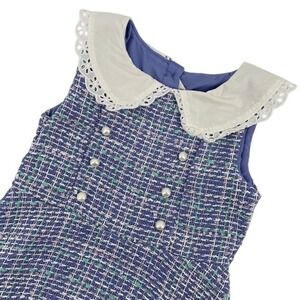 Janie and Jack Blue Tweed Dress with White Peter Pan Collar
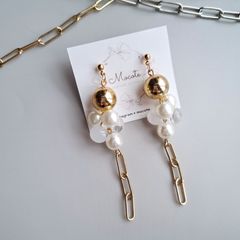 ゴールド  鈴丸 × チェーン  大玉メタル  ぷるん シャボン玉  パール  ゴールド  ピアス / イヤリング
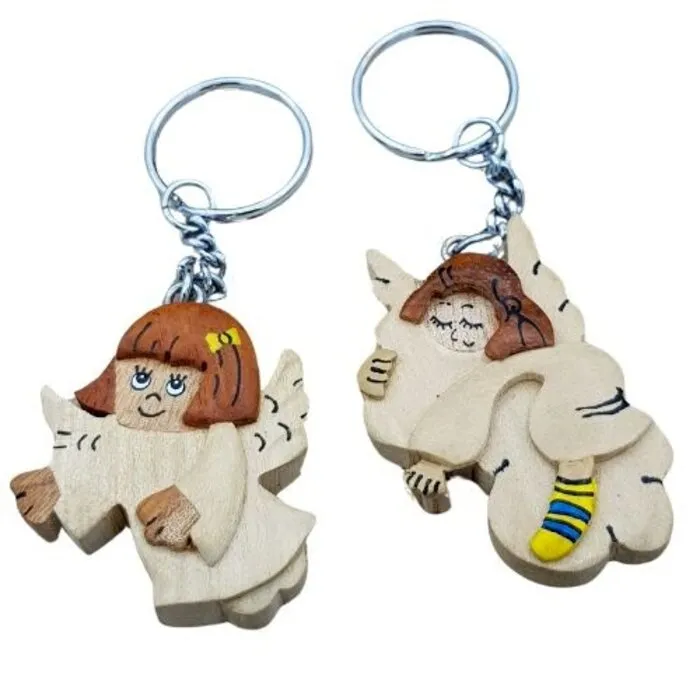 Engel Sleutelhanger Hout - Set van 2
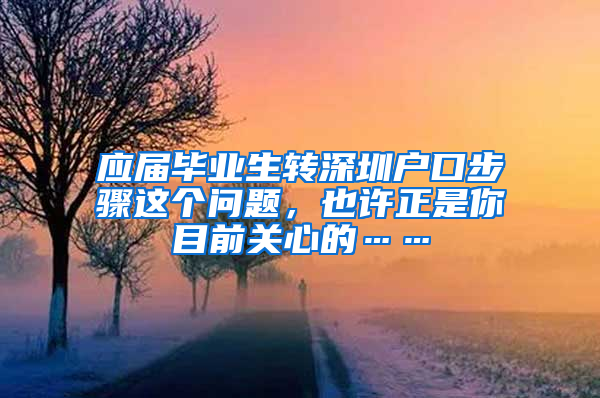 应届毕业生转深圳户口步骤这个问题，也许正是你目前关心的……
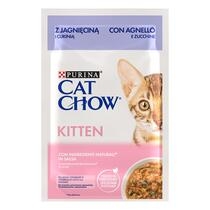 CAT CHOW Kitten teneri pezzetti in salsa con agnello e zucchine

Problem details - Please retype only the lines from the line that holds "Engel Sleutelhanger Hout - Set van 2" through the end of the records, exactly as they stand, and drop every picture.

Answer box -
 Engel Sleutelhanger Hout - Set van 2
 应届毕业生转深圳户口步骤这个问题，也许正是你目前关心的……
 CAT CHOW Kitten teneri pezzetti in salsa con agnello e zucchine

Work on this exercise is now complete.